■ What is expected
Copy nothing but the lines below, from the one with "Leg spreading boards, which" through the one with "Keeping your feet", exactly as written; no pictures should appear.

■ Excerpted data
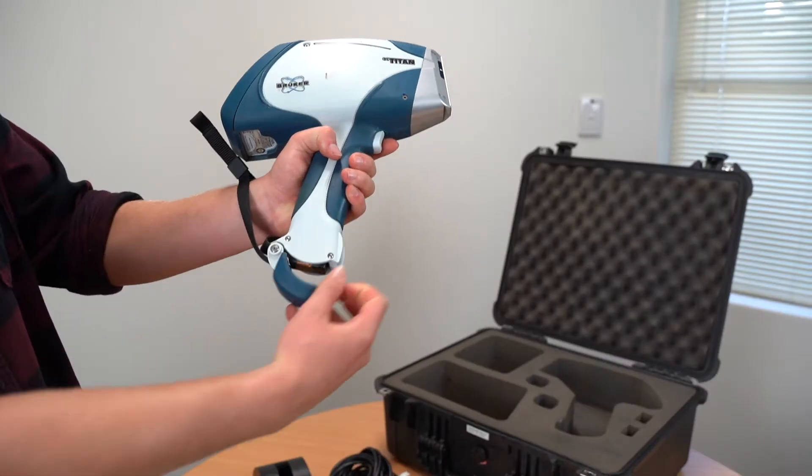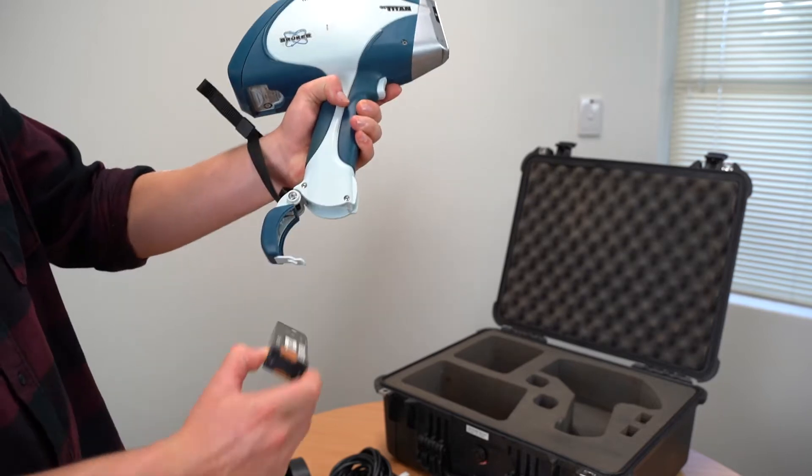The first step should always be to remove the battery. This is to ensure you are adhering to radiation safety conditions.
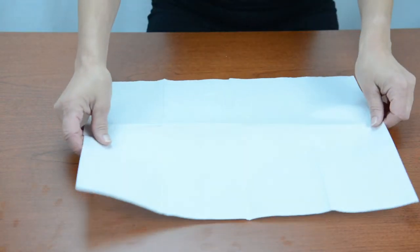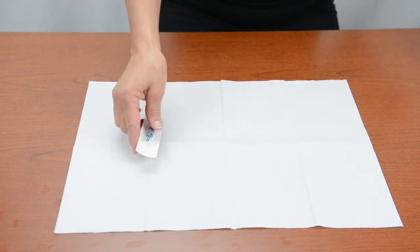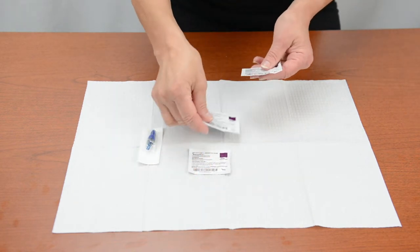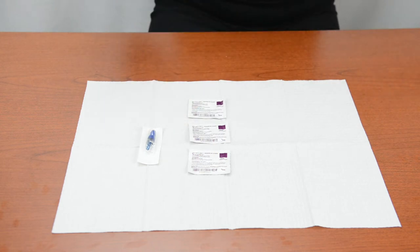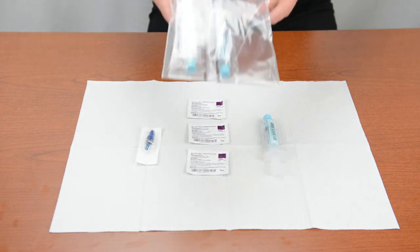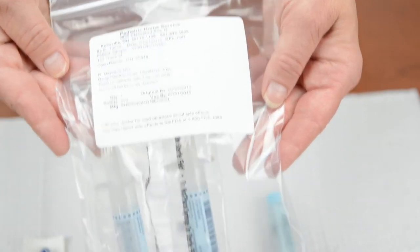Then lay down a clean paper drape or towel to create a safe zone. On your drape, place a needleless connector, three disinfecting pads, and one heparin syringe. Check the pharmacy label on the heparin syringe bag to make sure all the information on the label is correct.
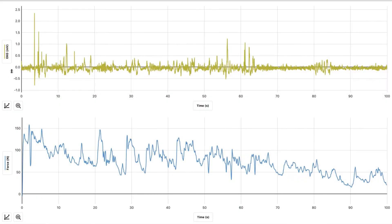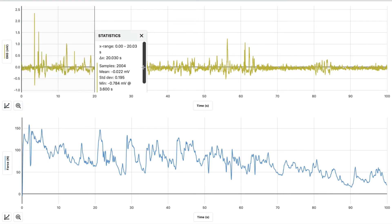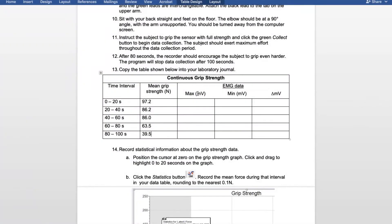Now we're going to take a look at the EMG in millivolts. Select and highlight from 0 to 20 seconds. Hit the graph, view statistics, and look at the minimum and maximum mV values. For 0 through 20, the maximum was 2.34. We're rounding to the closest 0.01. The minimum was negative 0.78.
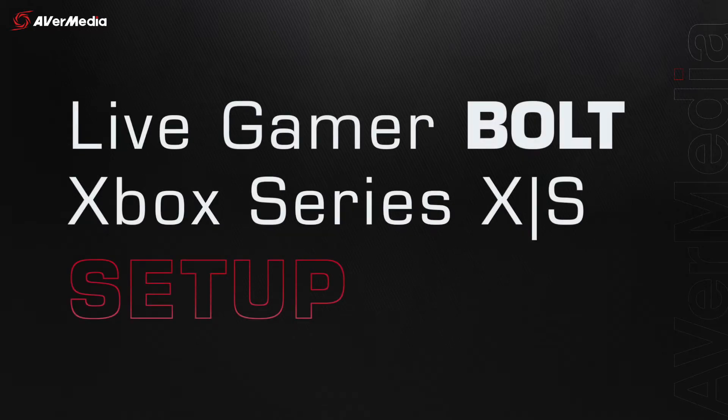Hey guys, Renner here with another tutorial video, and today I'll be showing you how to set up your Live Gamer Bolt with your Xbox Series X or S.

...

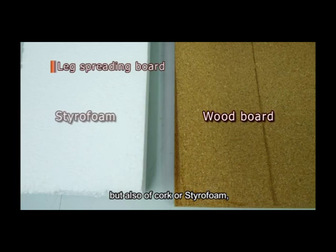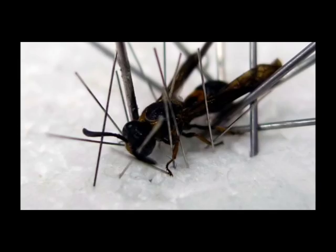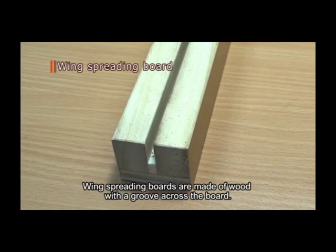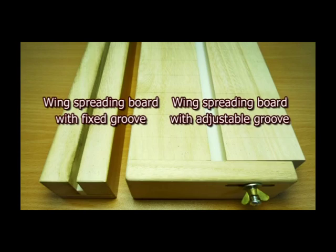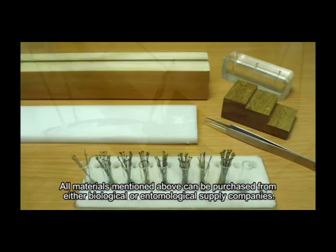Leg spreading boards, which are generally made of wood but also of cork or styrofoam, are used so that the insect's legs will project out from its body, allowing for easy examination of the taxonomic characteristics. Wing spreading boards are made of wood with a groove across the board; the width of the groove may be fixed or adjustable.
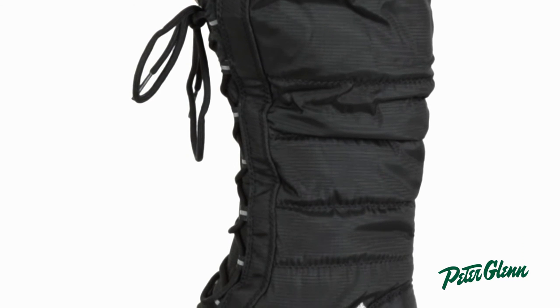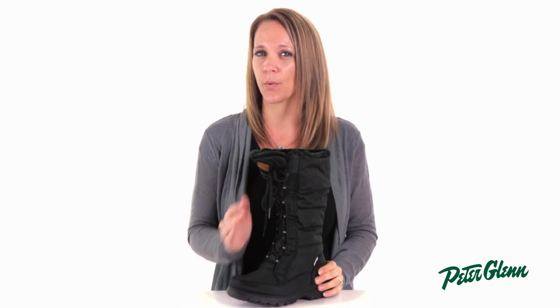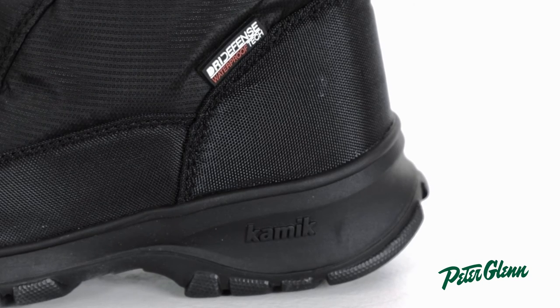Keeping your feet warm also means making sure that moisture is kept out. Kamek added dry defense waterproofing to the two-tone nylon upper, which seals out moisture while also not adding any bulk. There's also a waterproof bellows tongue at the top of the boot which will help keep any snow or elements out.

* * *

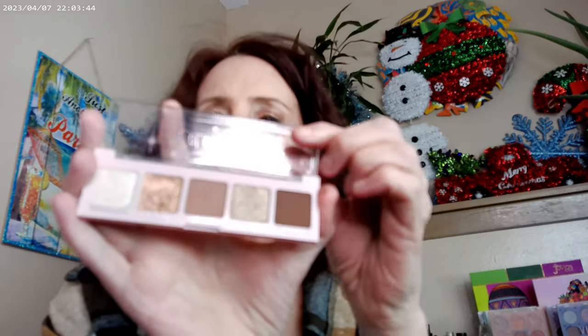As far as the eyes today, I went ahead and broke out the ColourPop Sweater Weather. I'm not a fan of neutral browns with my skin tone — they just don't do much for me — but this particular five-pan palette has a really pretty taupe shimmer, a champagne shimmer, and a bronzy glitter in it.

■ Answer to this exercise
Leg spreading boards, which are generally made of wood but also of cork or styrofoam, are used so that the insect's legs will project out from its body, allowing for easy examination of the taxonomic characteristics. Wing spreading boards are made of wood with a groove across the board; the width of the groove may be fixed or adjustable.
Keeping your feet warm also means making sure that moisture is kept out. Kamek added dry defense waterproofing to the two-tone nylon upper, which seals out moisture while also not adding any bulk. There's also a waterproof bellows tongue at the top of the boot which will help keep any snow or elements out.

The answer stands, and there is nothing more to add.